The poor, starving residents had no choice but to eat this 
AO-contaminated fruit.  As a result, the women had borne 
many children with birth defects.  Minister Truc's comments 
dovetailed nicely with the Vietnamese propaganda line.  The 
Ambassador responded politely that there could be many other 
possible causes of birth defects, including deficiencies in 
prenatal care and the diet of pregnant women, and this 
potential myriad of factors was the basis for the USG's 
desire to conduct good scientific research to find the 
answers. 
 
8.  (SBU) In discussions with the Dr. Nguyen Tien Dung, 
Director of Office 33 (permanent staff for Committee 33), 
Dr. Sassaman described the process for 
reviewing/approving/funding research grants submitted to 
NIEHS.  A key feature was the independent peer review to 
evaluate the quality of the science.  Dr. Dung explained 
that, in the Vietnamese process for research on topics 
related to AO/dioxin, a proposal would undergo scientific 
review (not an independent peer review, but one conducted by 
a government ministry, such as Ministry of Health for health- 
related research), and then go to Committee 33 for final 
approval.  Committee 33's decision would be based not on the 
merits of the science and/or potential benefits to 
understanding the issue, but rather on non-scientific 
factors and points of view (e.g., internal political, 
national defense).  Both Dr. Dung and MONRE Vice-Minister 
Dr. Pham Khoi Nguyen frequently used the term "control" when 
describing Committee 33's role.  Dr. Dung explained that 
data/information related to GVN policy on AO was still 
considered a "state secret" and water, soil, human 
tissue/blood samples were also considered to be state 
secrets.  Committee 33's approval would be required each 
 
SIPDIS 
time a scientist wished to send such items out of Vietnam 
for testing and analysis.  In response to a question about 
the process for obtaining approvals, Dr.

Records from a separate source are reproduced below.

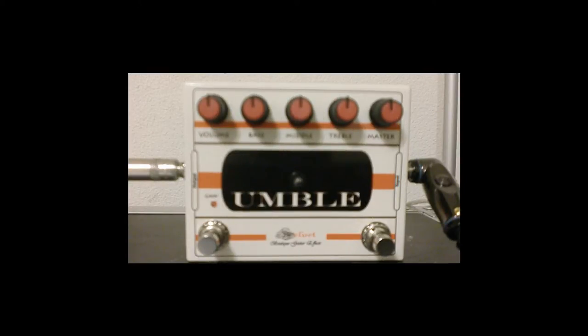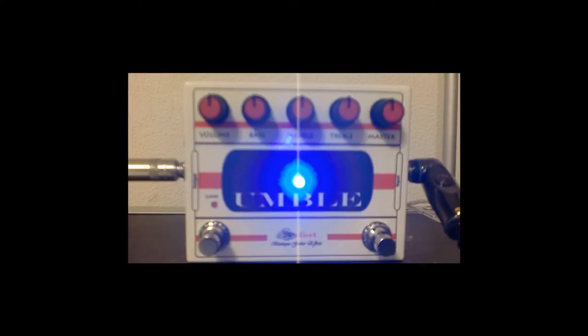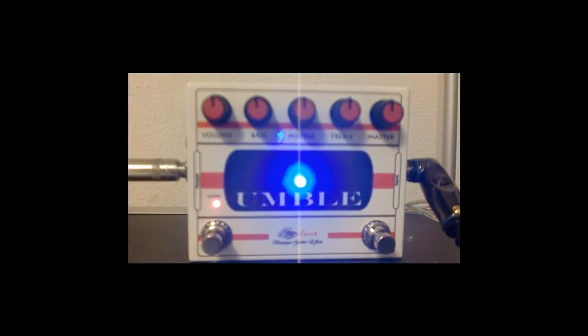All right, now let's get on to some gain tones. So here's the low gain, and here's what this sounds like with everything on noon. And here's my neck and bridge pickup. And let's see what this sounds like after I boost it. Here's my bridge.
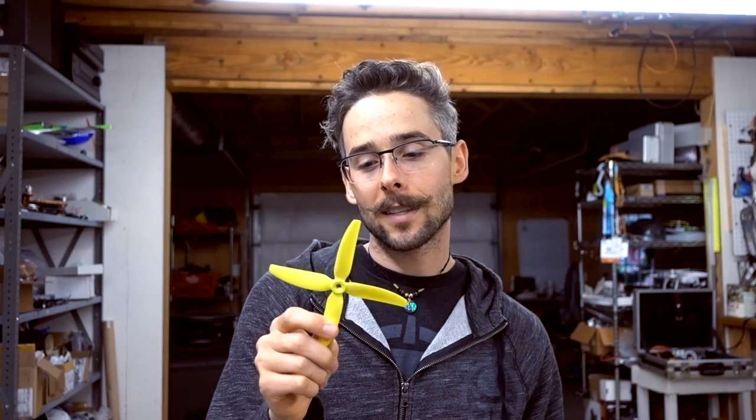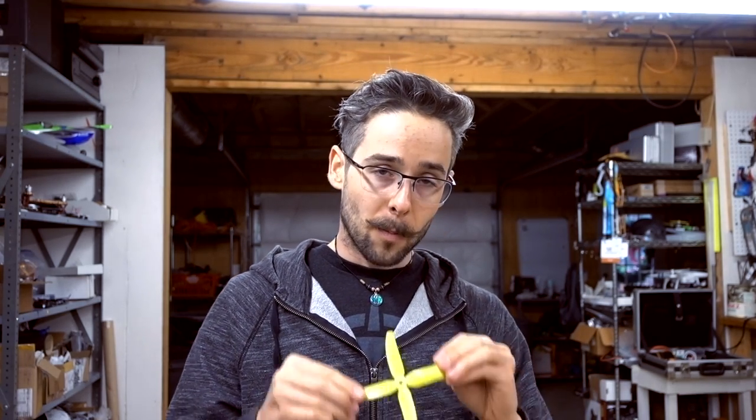Now the v1s quad-blade in glass nylon - the 5040 by 4 - is one of my favorite props to come out in the last year. It's heavier at about 5 grams, significantly heavier than the 3.5 gram tri-blade, but it does a lot of things I really like. It has a very quick response and a really planted, in-the-corners feel because it's so stiff. I do have to add a little more D into the tune since it's heavier and you have to anticipate the stop a little more.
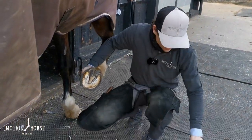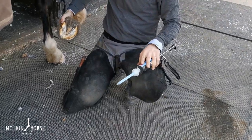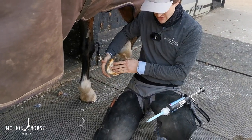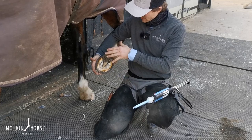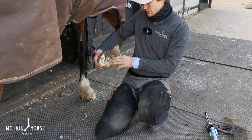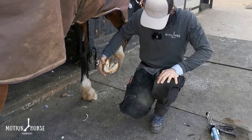We're going to do another video today using the Equipack soft pad material. We're going to give this event horse a little bit of protection over his sole, going for a direct pour-in. We're not going to put any attachment material in between, so we're going to prep the sole for direct attachment. First, we're going to clean the foot up.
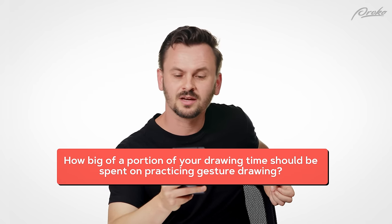How big a portion of your drawing time should be spent on practicing gesture drawing? I think it depends on your skill level and on your goals. If you're just drawing portraits, probably not that much. You still want to learn how to draw dynamic shapes — it's not just your pose that needs to be dynamic, shapes in general should look interesting. You need a lot more of it if you're drawing the figure, animals, or any kind of living creatures. If that's the case and you're a beginner, quite a lot — 20-30%, maybe 40%.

Dung explained that 
even if Committee 33 approved a research proposal that 
clearly defined parameters of health research (defined 
geographic area, target population, intended use of samples, 
etc), approval would not be a blanket approval for the 
lifetime of the project.  Committee 33 would have to approve 
the shipment of each batch of samples.  The authority cannot 
be delegated to a single senior official or to a sub- 
committee.  This control factor would allow the Vietnamese 
to stifle a research project at any point.  In this context, 
Dr. Sassaman and Dr. Dung discussed the unresolved issues in 
the MOU related to:  a) the degree to which research 
findings will be made available to the international 
scientific community; b) the avenues through which research 
findings will be published; and c) the process that must be 
followed for publication approval.  Dr. Dung's description 
of the Vietnamese perception of these issues was that 
"control" (of information and research findings) was of 
paramount concern to Committee 33.  Dr. Sassaman explained 
that no credible U.S. researcher would be willing to invest 
time and effort into a project which could be undermined or 
whose findings could not be published.  Dr. Sassaman 
stressed that this was not a point to be taken lightly, and 
Dr. Dung promised to relay her remarks to Committee 33. 
 
9.  (SBU) On January 16, 2003, EST Officer met with Dr. Dung 
to discuss the status of  Vietnam's efforts to move forward 
on the issues discussed with Dr. Sassaman.  Dr. Dung offered 
the following. 
 
         -- Office 33 has submitted a proposal to Committee 
33 and Chairman Truc for establishing a mechanism for 
general approval for human tissue and blood samples to be 
sent abroad for testing and analysis.  Dr. Dung would not 
offer an anticipated timeframe for approval. 
 
         -- Committee 33 has not yet appointed Vietnamese 
members of a Vietnam-US Joint Advisory Committee, which per 
the March 10 (2002) Memorandum of Understanding, would be 
established to define the scope of the joint research 
program; coordinate the collaborative research program on 
human health and environmental effects of Agent 
Orange/Dioxin; and review and approve research content areas 
under the program.  (BEGIN COMMENT:  The U.S. members were 
appointed in the summer of 2002.  END COMMENT) 
 
         -- Dr. Dung advised that Committee 33 had not yet 
received the Vietnamese text of a joint grant proposal for 
joint health research project submitted to NIEHS by a U.S. 
investigator with a Vietnamese Ministry of Health 
counterpart investigator.   (BEGIN COMMENT:  During Dr. 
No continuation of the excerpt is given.